Maduro has become the latest magnet for anti-America and antiwar sentiments. Both movements have long histories, and Washington’s tough stand against the controversial and embattled Venezuelan president gives leftist crusaders a new lease on life.
But while Washington has a major role in the Venezuelan crisis, blaming it all on the United States risks absolving Nicolas Maduro of his responsibility for the mess he created.
Venezuela is no basket case. This is an oil-rich, OPEC nation, much like Kuwait, Saudi Arabia, and the UAE. But unlike them, Venezuela lacks leadership and good policies. Maduro’s troubles today are man-made and borne out of bad governance and wrong economic policies more than foreign intervention.
Leftwing Maduro is the odd-man-out in a region that has turned right. He is disliked and shunned by his neighbors. Fourteen nations of the Americas called on him last month to step down. His brand of old-style leftwing populism has lost its charm. A month ago he addressed his nation on New Year’s Eve with these words: “Victory awaits us! The future awaits us! And everything will be better!”. A month later, the nation is on the brink of civil war.
The former bus driver and union leader is trying to cling to power through empty rhetoric. It’s a fall from grace for someone who has little to offer his people ever since he succeeded the charismatic Hugo Chavez in 2013. Recognizing Maduro’s loyalty, Chavez made him a deputy president and a foreign minister. But Maduro has always been better as a rabble-rouser than as an administrator. His tenure has been marred by a suffocating recession, high inflation, divisive politics, refugees, and political isolation in the region.
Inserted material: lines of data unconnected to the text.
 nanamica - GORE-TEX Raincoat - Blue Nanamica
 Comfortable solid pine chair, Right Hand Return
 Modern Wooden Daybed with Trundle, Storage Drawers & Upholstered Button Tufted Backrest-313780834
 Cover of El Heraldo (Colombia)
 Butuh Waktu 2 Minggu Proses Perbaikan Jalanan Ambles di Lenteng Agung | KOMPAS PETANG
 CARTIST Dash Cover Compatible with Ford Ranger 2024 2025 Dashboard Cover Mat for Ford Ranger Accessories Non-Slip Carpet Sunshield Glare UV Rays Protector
If Venezuela is teetering on the verge of collapse today, President Maduro will share a large part of the blame.
If Venezuela is a mess, it is natural to expect neighbors and especially the US to intervene. That’s what big powers do. Russia intervened in Syria when Assad failed to hold his country together. For long, countries like Moscow, Cuba, Iran, and others have used Caracas to rub the US in the face. To expect Washington to stay back when it has a chance to exploit Maduro’s troubles is to be naïve.
Maduro is prolonging a political crisis he cannot resolve. A large segment of Venezuelans is opposed to him. While the opposition receives foreign support, it cannot be dismissed as foreign agents. The inability to diffuse internal conflict and unite his people is a key failure of the Maduro administration since 2013, and he had plenty of time to work on this. Even today, he shows no signs he intends to unite his country. If anything, if his people allow him to remain in power, he shows every intention of going the way of Saddam, Assad, Gaddafi, and Ali Abdullah Saleh in Yemen. These are examples of leaders who chose to destroy their nations over relinquishing power. A different example would be that of President Hosni Mubarak of Egypt, who stepped down to avoid a civil war and a potential foreign intervention.
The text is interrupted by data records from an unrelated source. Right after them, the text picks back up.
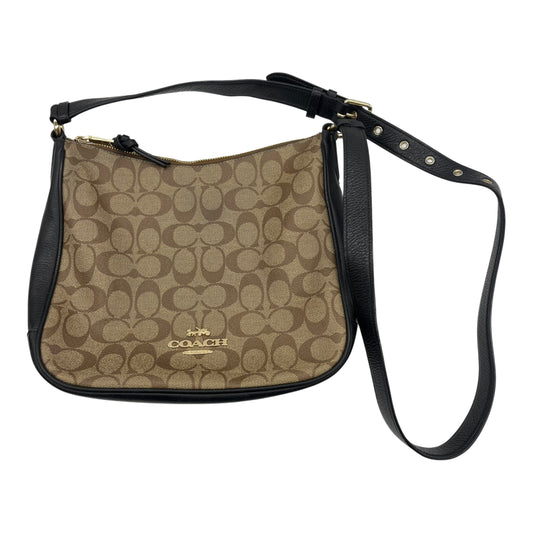 Crossbody Designer By Coach In Black & Brown, Size:Medium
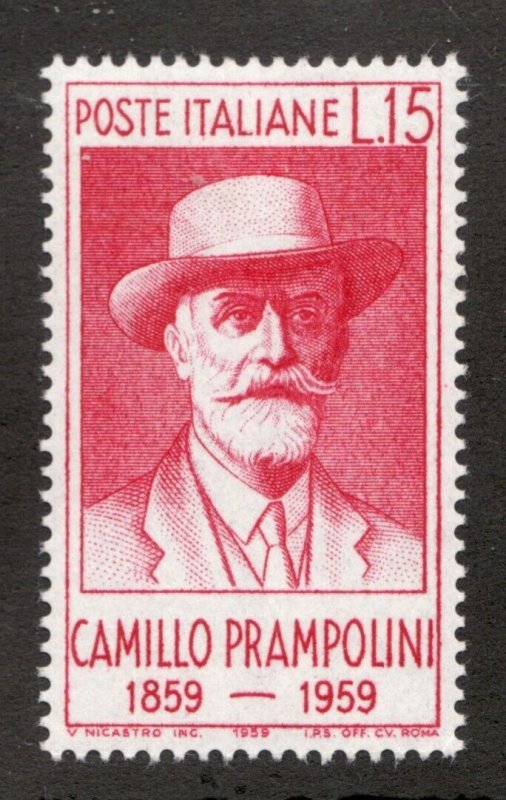 1959 Italy Sc# 772 - Camillo Prampolini Socialist Leader & Reformer MH Cv$8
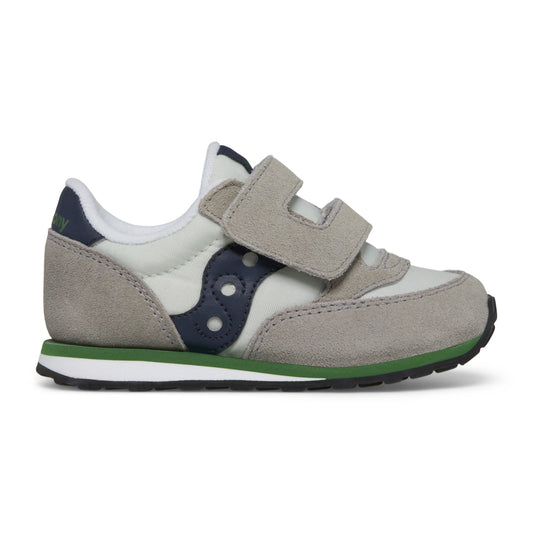 Stride Rite Jazz Hook & Loop Sneaker - Little Kid Grey/Navy/Green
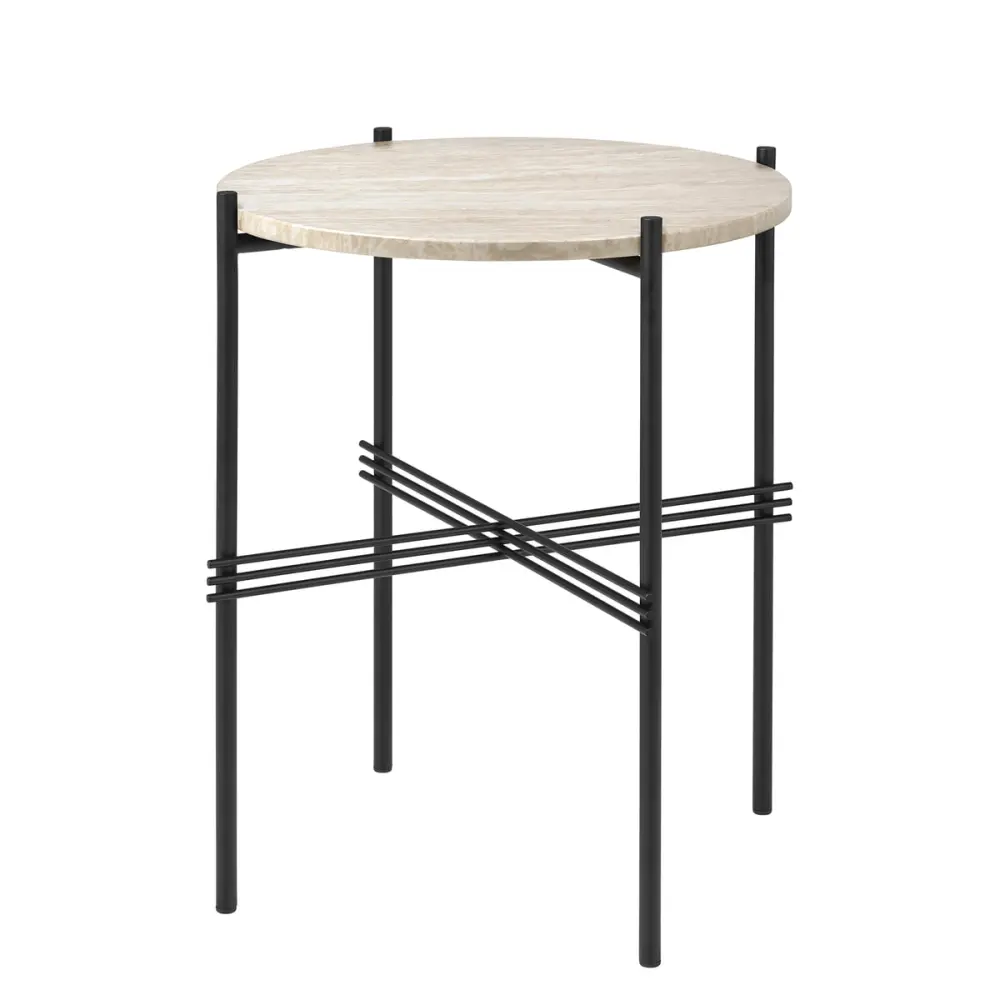 Gubi - TS Outdoor Beistelltisch mit Transportrollen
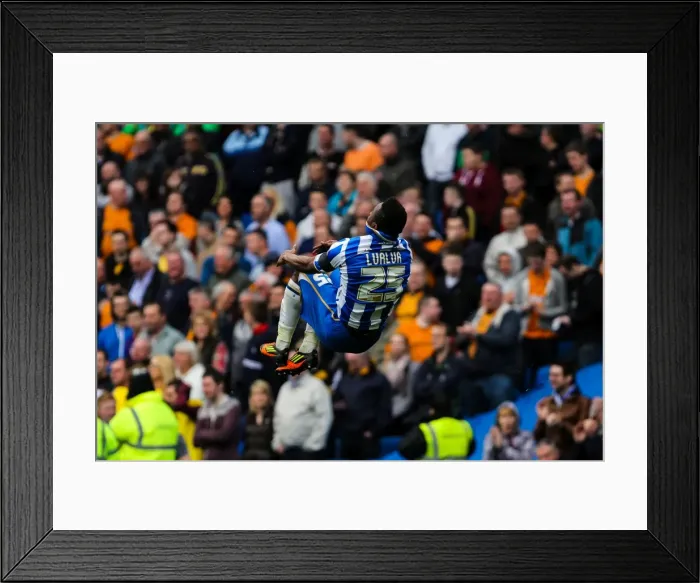 Framed Print : Brighton & Hove Albion vs. Wolves: 2012-13 Home Game Framed Print : Brighton & Hove Albion vs. Wolves: 2012-13 Home Game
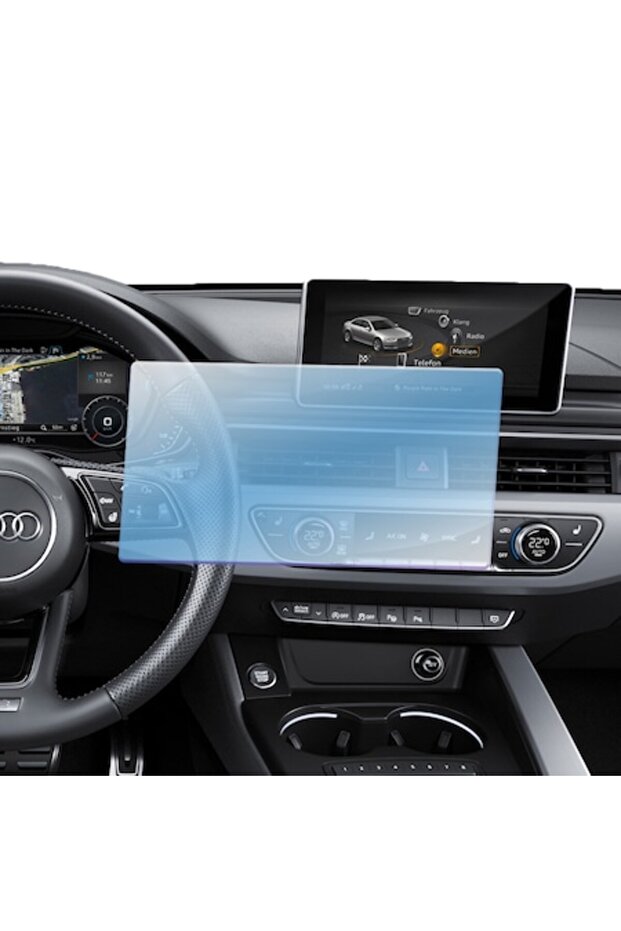 Hydrogel Navigation Screen Protector for Audi A4 - 1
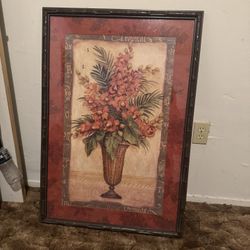 Large Framed Wall Picture 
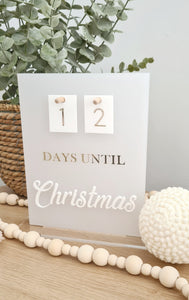 Christmas Count Down Plaque
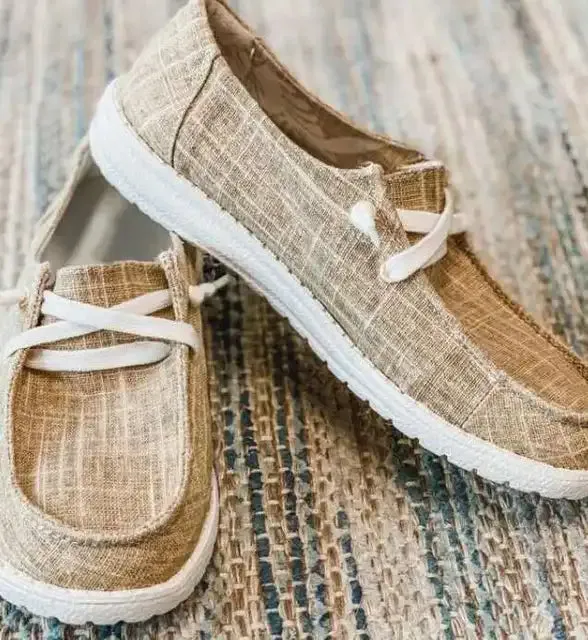 Hesse - canvas damesschoenen L V Loafers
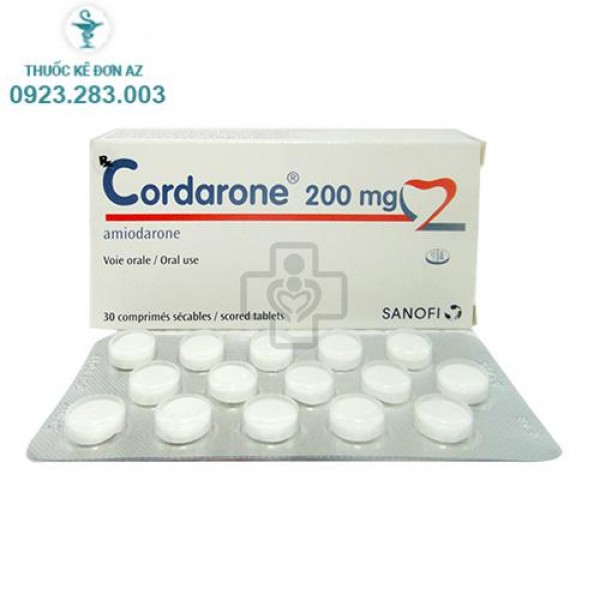 Giá thuốc Cordarone 200mg bao nhiêu? Bán ở đâu? Mua ở đâu Hà Nội?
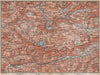 SOUTH SALZKAMMERGUT. Bad Aussee Dachstein Schladming Mitterndorf karte 1899 map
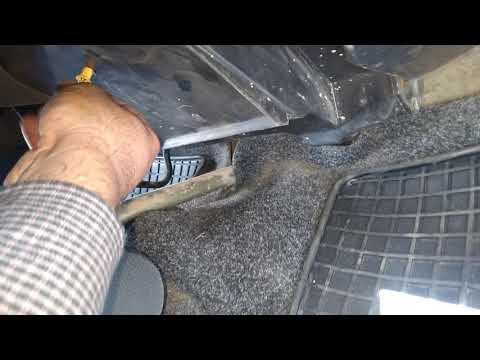 поднимаем радиатор печки  Ланос без снятия торпеды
If President Maduro weakens his country to the point where outsiders intervene, he would be responsible. The idea that he alone can protect Venezuela’s interests is an insult to his people, a large part of whom oppose him democratically.
None of this means that a possible American military intervention in Venezuela is a good idea. It is not. If anything, it would give Maduro a new legitimacy as a leader resisting foreign invasion. Such an intervention will also weaken the new emerging Venezuelan leadership in the form of opposition leader Juan Guido, and there is nothing an unstable country in transition needs more than a leader who can unite and who is not tainted by allegations of being a foreign puppet or agent. America is better off supporting the legitimate right of the Venezuelan people to change their government through legal means, including peaceful public dissent.
Like him or hate him, Hugo Chavez was a charismatic leader who united his nation. Maduro has lived off Chavez’ good name for too long. He failed in governing his country for five years. Should the world ignore while Maduro pushes his people to the brink of civil war? The irony is that foreign intervention can also lead to a different type of collapse and possible civil conflict.
The world is facing a choice between watching Venezuela descend into civil war and doing nothing about it or intervene leading to further instability.
But one thing is clear: it is Maduro’s decisions, more than a foreign intervention, which will dictate which way Venezuela goes.